Let $A,B$ be two real $2 \times 2$ matrices with identical singular values $0<\sigma_1<\sigma_2$ and with a positive determinant (which is $\sigma_1 \sigma_2$).
Is there a known characterization for when the singular values of $tA+(1-t)B$ are again $\sigma_1,\sigma_2$ for every $t \in (0,1)$?
In particular, does this condition force $A=B$?
Does the answer change if we require this only for some specific (single) value of $t \in (0,1)$?

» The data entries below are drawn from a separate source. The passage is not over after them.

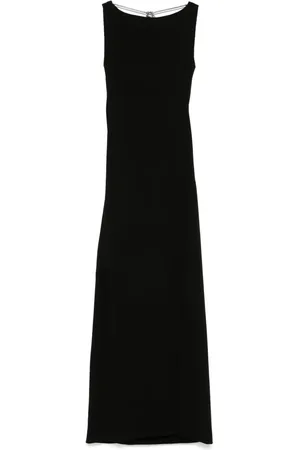 Max Mara Vestido largo con escote en V
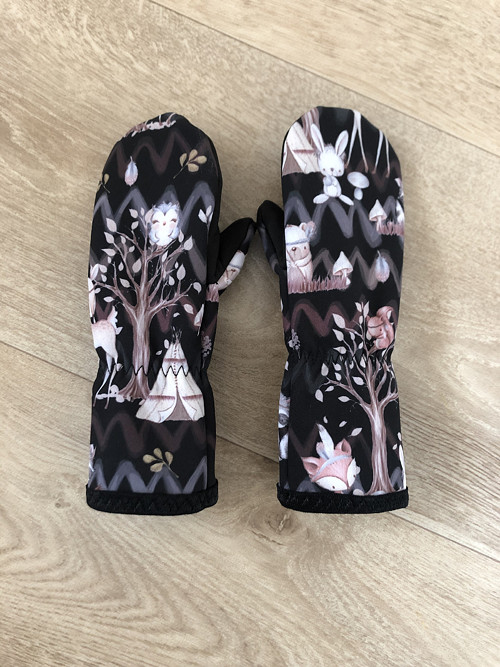 Softshellové rukavice forest — foto 1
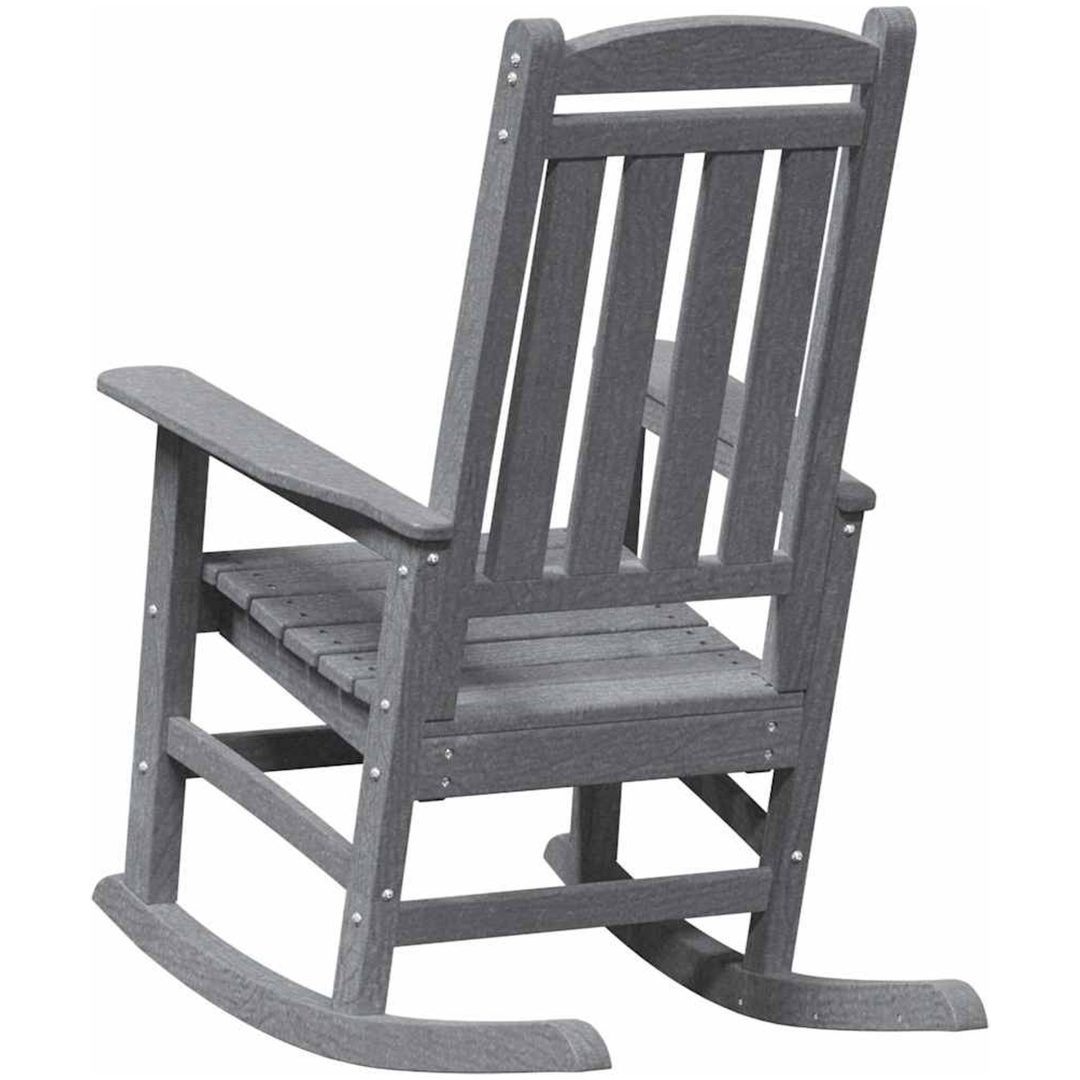 Trädgårdsgungstol Ljusgrå 70x92x108 cm HDPE vidaXL 70 x 92 x 180 cm – bild 6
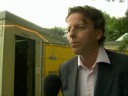 Interview met minister Koenders op festival Mundial \ Interview met minister Koenders op festival Mundial \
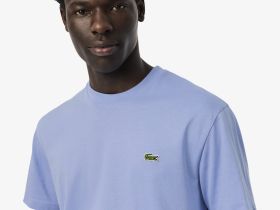 Мужская хлопковая футболка Lacoste с коротким рукавом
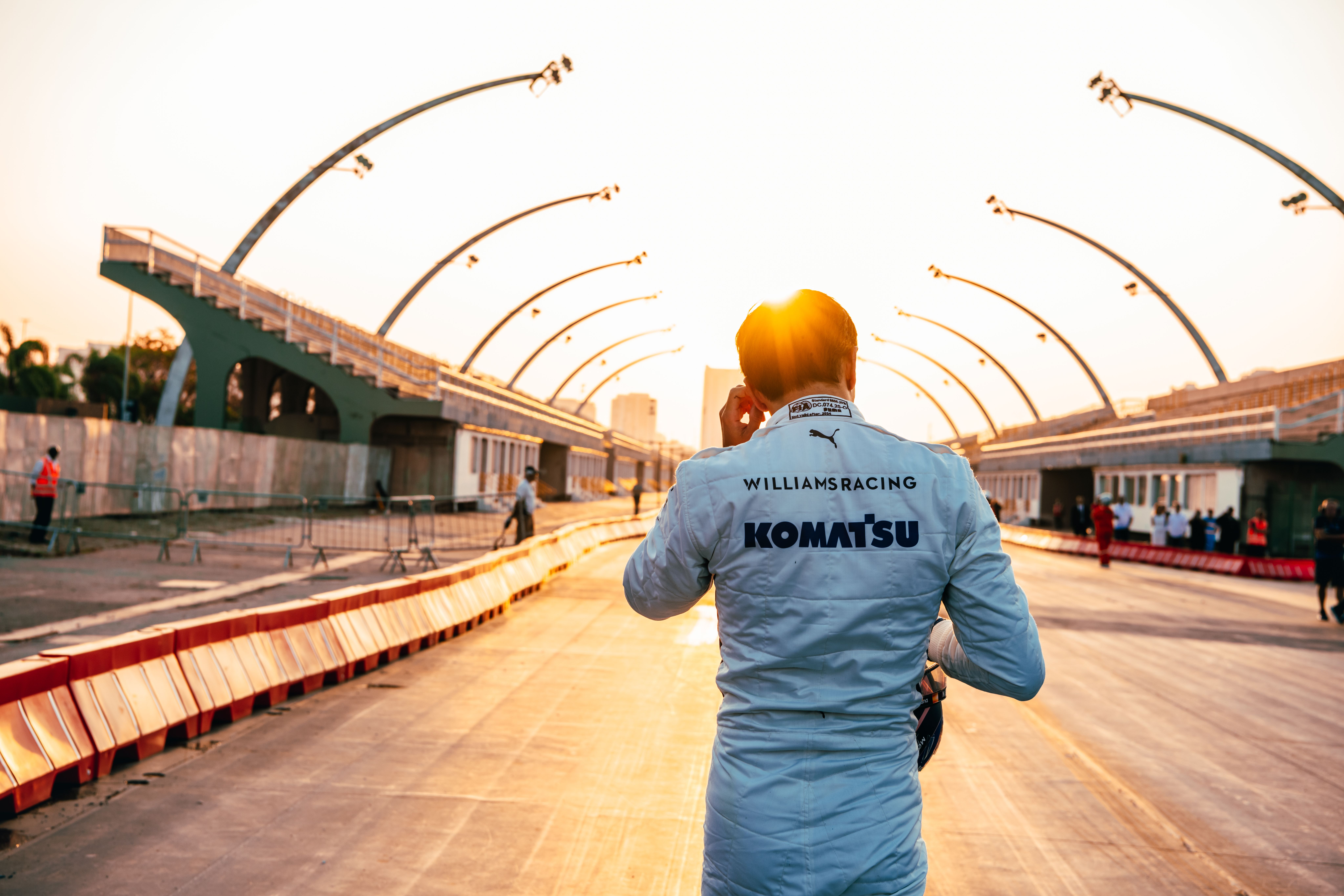 In to the São Paulo sunset.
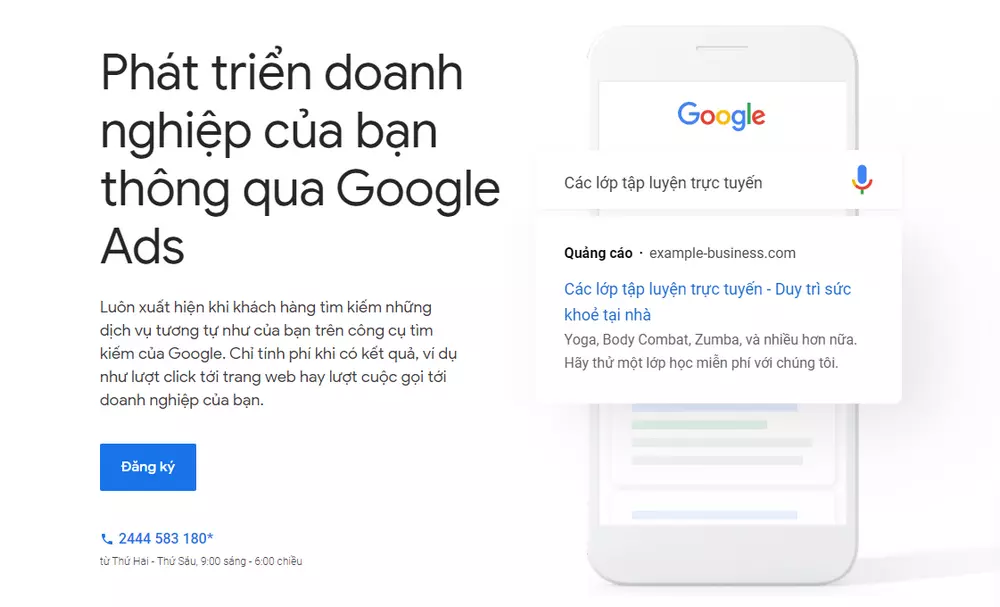 Tự chạy quảng cáo Google tại Hưng Yên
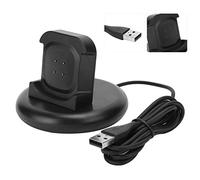 Cocoarm Charging Dock, ABS Mini Charging Dock with 1m Cable, 5V 500mA Probe Interface, Short Circuit, Portable Charger Base for for Versa3 Sense Users
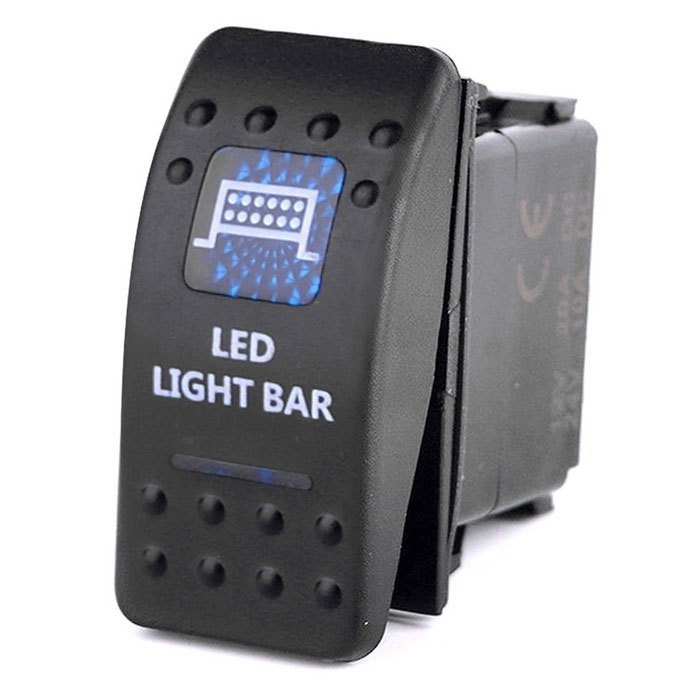 Rocker Switch ARB Carling Style Dual LED ON-OFF for 4X4 4WD Boat Caravan - Blue LED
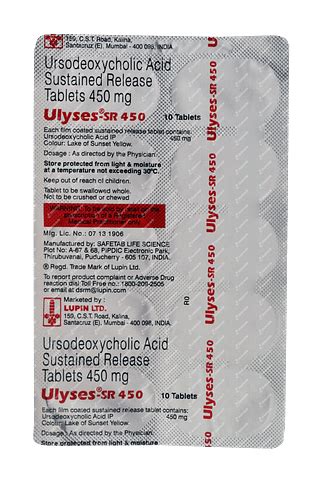 Ulyses Sr 450 Tablet 10: Uses, Side Effects, Price & Substitutes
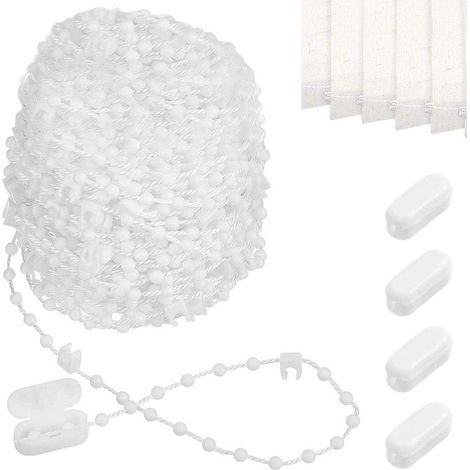 25 M de Chaîne à Maillons Pièces de Rechange pour Stores Verticaux inférieure Aveugle Verticale Chaîne Plastique Connecteurs pour 89 mm (12,7 cm) Lattes (1/5)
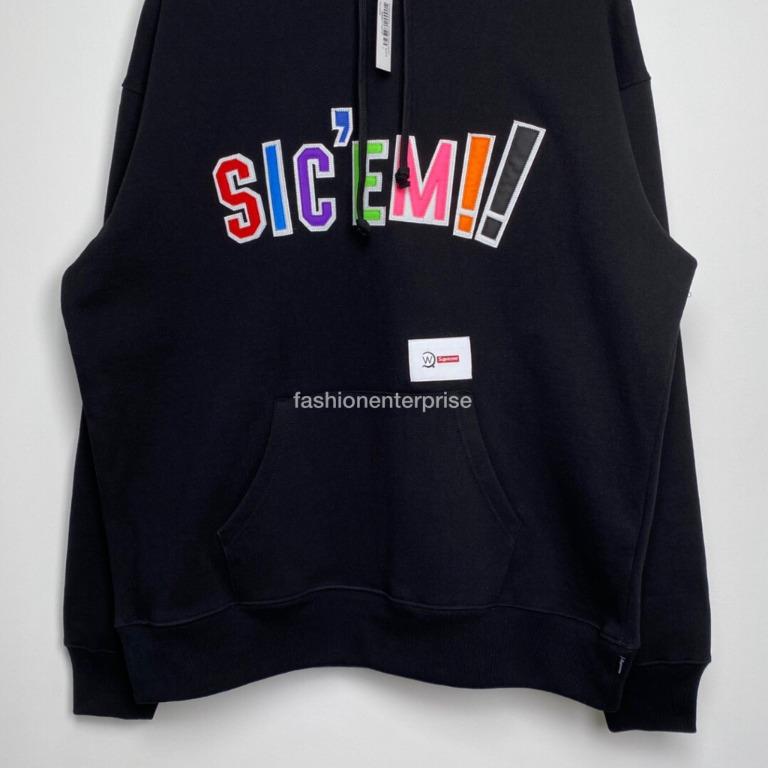 Supreme x WTAPS Sic'em! FW21 Hooded Sweatshirt, Men's Fashion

Summary: Having fixed singular values implies being on a sphere, and the Euclidean unit ball is a strictly convex set.
Indeed, after some further thought, it seems that even if the singular values of $tA+(1-t)B$ are $\sigma_1,\sigma_2$ even for a single $t \in (0,1)$, then $A=B$.
Indeed, suppose that $C:=tA+(1-t)B$ has singular values $\sigma_1,\sigma_2$. Then
$$|C|=|A|=|B|=\sqrt{\sigma_1^2+\sigma_2^2}=t|A|+(1-t)|B|.$$
Thus, witing $\tilde A=tA, \tilde B=(1-t)B$, we get
$$ |\tilde A+\tilde B|=|\tilde A|+|\tilde B|,$$
so $\tilde A=\lambda \tilde B$ for some positive $\lambda$. Since we assumed that $t \in (0,1)$, we get $A=rB $ for some positive $r$, which must then be $1$, since $|A|=|B|>0$.